Common Acquisition Red Flags in Private Market Deals

Experienced investors recognize warning signs early. Here are the most common red flags that surface in LMM deal analysis and what they actually signal.

SC

Sarah Chen

Senior Analyst

April 28, 20268 min read

Revenue Concentration Beyond Safe Thresholds

Customer concentration is among the most commonly cited risks in private market deal memos, yet it remains one of the most frequently underweighted risks in actual valuation. The practical threshold most institutional buyers apply is 15–20% for a single customer before requiring a meaningful valuation discount or contractual protections. When a single customer exceeds 30% of revenue, that customer's relationship—its term, renewal rights, exclusivity, and switching costs—becomes the central underwriting question for the deal.

The risk is asymmetric. If the concentrated customer churns post-close, you face not just revenue loss but often a multiple contraction, because the remaining revenue base may not support the same EBITDA margin structure. Fixed costs do not scale down proportionally with revenue, and the institutional knowledge embedded in serving that anchor account often cannot be easily redeployed.

Unusual Accounting Policies

Revenue recognition policies in lower middle market businesses are frequently informal and sometimes inconsistent across periods. Common patterns to probe: aggressive recognition of multi-year contract value upfront without deferred revenue accounting, inconsistent treatment of installation or setup fees, and project-based businesses that recognize revenue on completion rather than percentage-of-completion. Each of these can inflate current-period revenue while masking future performance obligations.

Request a sample of revenue contracts and trace them through to the financial statements. For subscription or recurring revenue businesses, ask the seller to provide a monthly recurring revenue (MRR) or annual recurring revenue (ARR) schedule with cohort detail. If the seller cannot produce this, that itself is a red flag about the sophistication of the finance function.
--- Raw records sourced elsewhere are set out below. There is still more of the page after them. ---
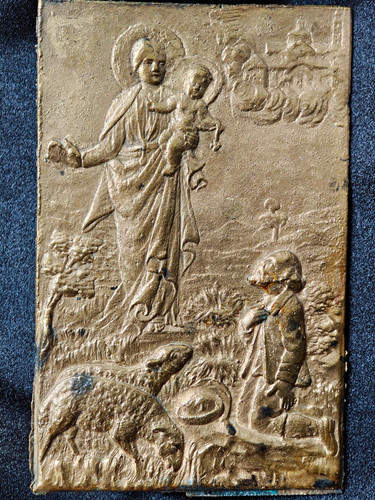 Antikes marien relief madonna - marien,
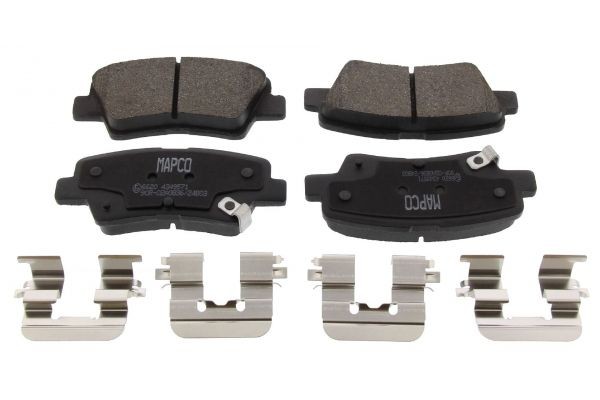 MAPCO 6620: Bromsbelägg Bakaxel, Anti-skrik-plåt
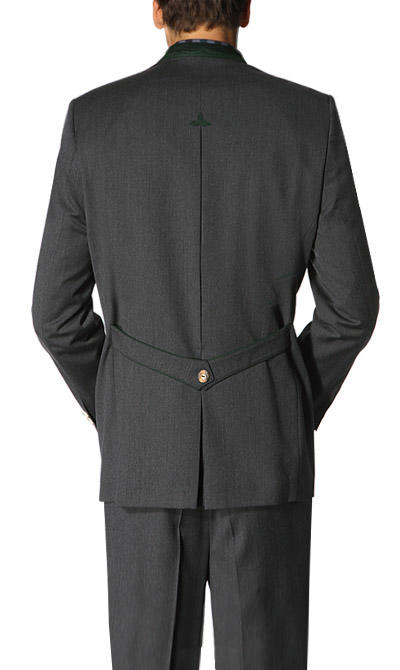 Lodenfrey, Trachten Janker Eisenerz, Comfort Fit, Twill, anthrazit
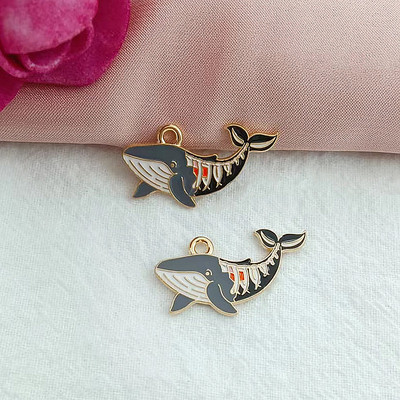 10 buc. Fermec din aliaj Seria de animale de Halloween Craniu Pisică Liliac Rechin pandantiv cercei bricolaj breloc colier brăţară bijuterii accesorii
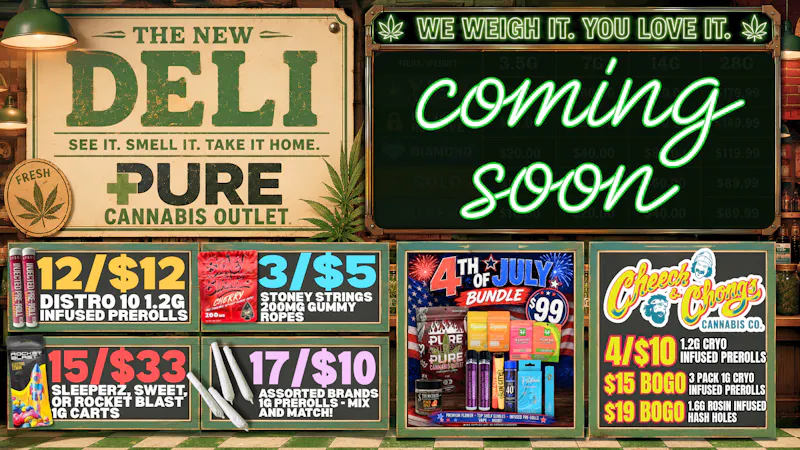Pure Cannabis Outlet - Monroe 🎆🌿 3/$5 STONEY STRINGS 200MG GUMMY ROPES 🎆🌿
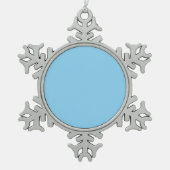 Ornement Flocon De Neige Bébé Bleu (Devant)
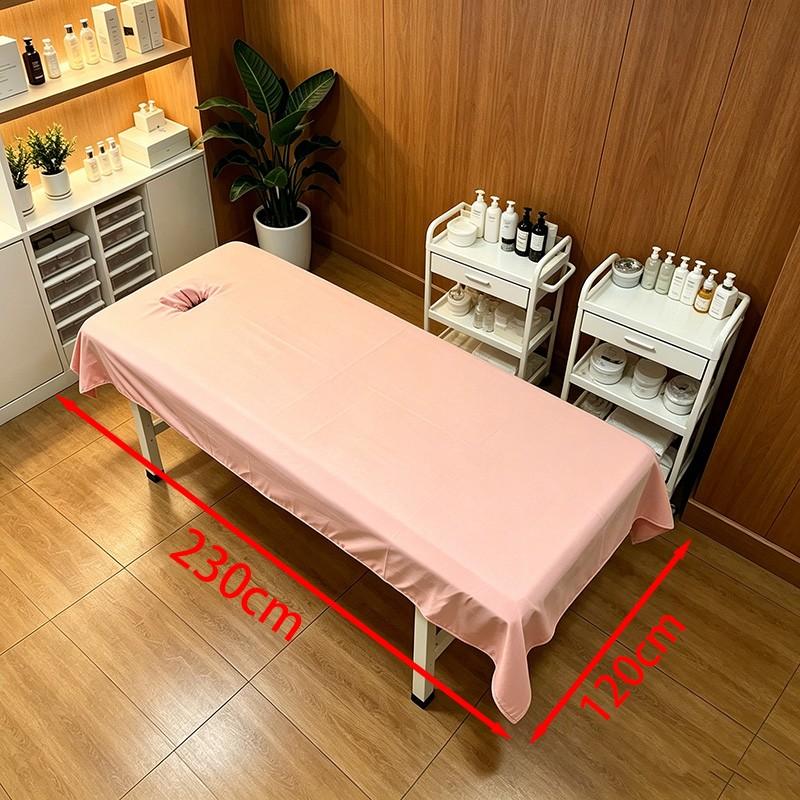 Beauty Salon Massage Bed Sheet, Skin-Friendly Comfortable Relaxed Breathable Material, Dedicated Beauty Bed Sheet, Ideal for Professional Use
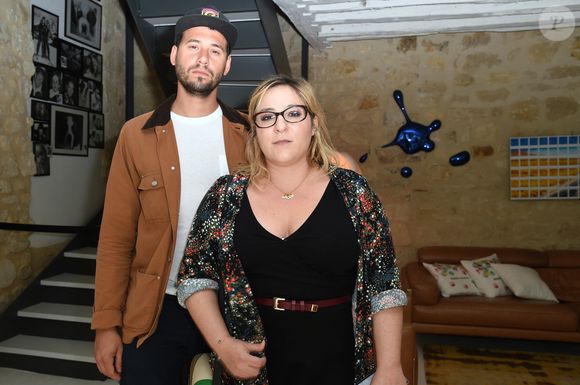 Marilou Berry et son compagnon Alexis (Le Diamantaire artiste street art) - Soirée de lancement de l'appareil photo Instax SQ6 de Fujifilm à l'Instax Square House à Paris le 24 mai 2018. © Giancarlo Gorassini/Bestimage
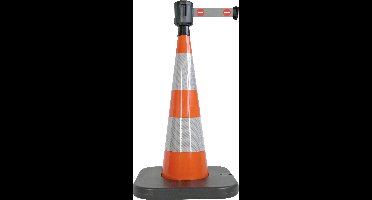 VISO RCX104ENT Band VERBODEN Verkeerskegel Staat zelfstandig op de grond Riem- of kettinglengte 4 m (Ø x h) 90 mm x 100 cm
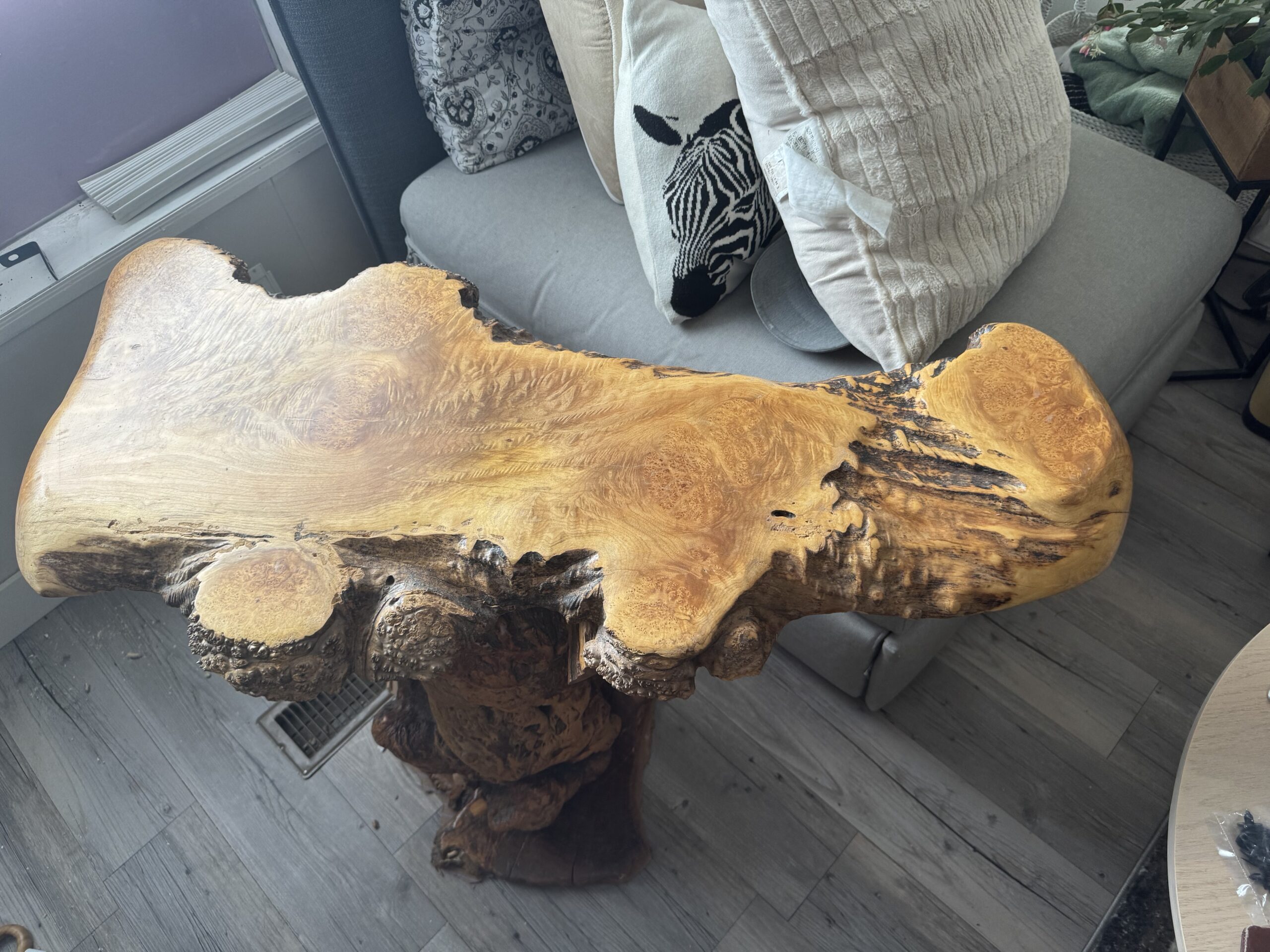 Custom end table
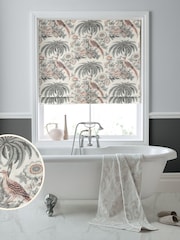 Laura Ashley Grey 100% Cotton Burdett Made to Measure Roman Blinds - Image 1 of 6
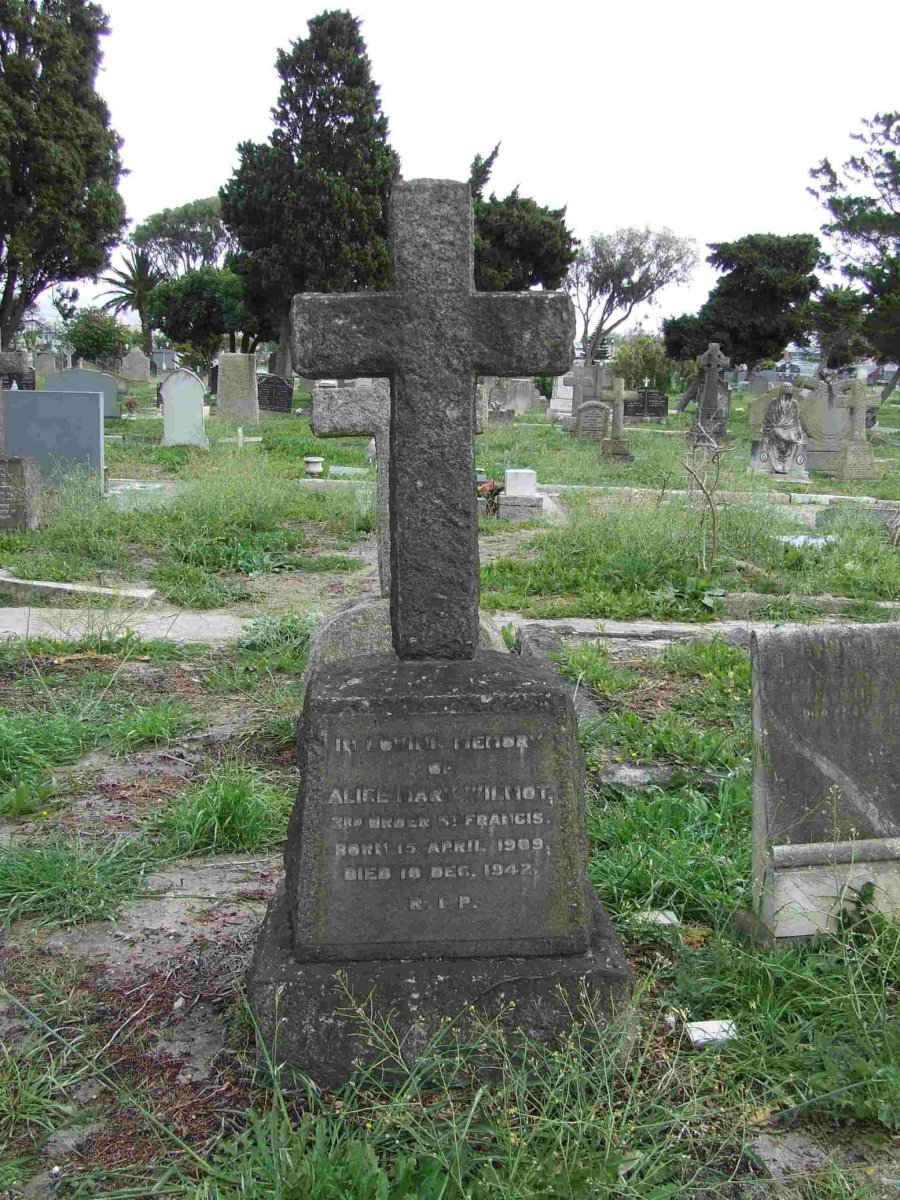 WILMOT Alice Mary 1909-1942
Deferred Capital Expenditure

A business that has been managed for sale over the prior twelve to twenty-four months often shows inflated EBITDA through deferred maintenance and capital expenditure. The tell-tale signs: capex as a percentage of revenue that has declined sharply in the trailing year, aging equipment or technology that is described as 'functional' without a replacement timeline, and a facilities or IT environment that has not received meaningful investment despite revenue growth.

The resolution is a normalized capex analysis. Work with the seller and their advisors to establish what maintenance capex is truly required to sustain the business at its current output level, and model that into your EBITDA-to-free-cash-flow bridge. Deals where normalized capex is materially higher than trailing capex may appear attractive on an EBITDA multiple basis but deliver significantly worse cash-on-cash returns.

Management Dependency and Key-Person Risk

In many lower middle market businesses, the founder or CEO is both the primary customer relationship holder and the operational decision-maker. This is not inherently disqualifying—many great LMM businesses are built around exceptional operators—but it requires explicit transition planning as a condition of the deal. If the seller resists earnout structures, management employment agreements, or knowledge transfer protocols, that resistance itself is informative.

Conduct reference calls not just on the management team but with customers and former employees. Ask customers directly: 'If the CEO transitioned out of the business in the next twelve months, how would that affect your decision to continue doing business with this company?' The answers to that question are frequently the most important data point in the entire deal process.

Erosion in Trailing Metrics

Sellers and advisors will typically present the most favorable trailing period—whether that is last-twelve-months, last-fiscal-year, or a selected period that excludes a poor quarter. Build your own financial model that spans at least three to five years of historical data and look for trend lines, not just point-in-time performance. A business where gross margins have compressed 300 basis points per year for three consecutive years is a structurally different asset than one where a single bad year interrupted a stable margin structure.

Seasonality analysis is also frequently omitted or smoothed in CIM presentations. Request monthly financial data and build a seasonality model. Businesses with significant revenue concentration in a single quarter—common in certain B2B services and project-based businesses—require much tighter working capital analysis and carry meaningful refinancing risk if closing timing misaligns with their seasonal revenue peak.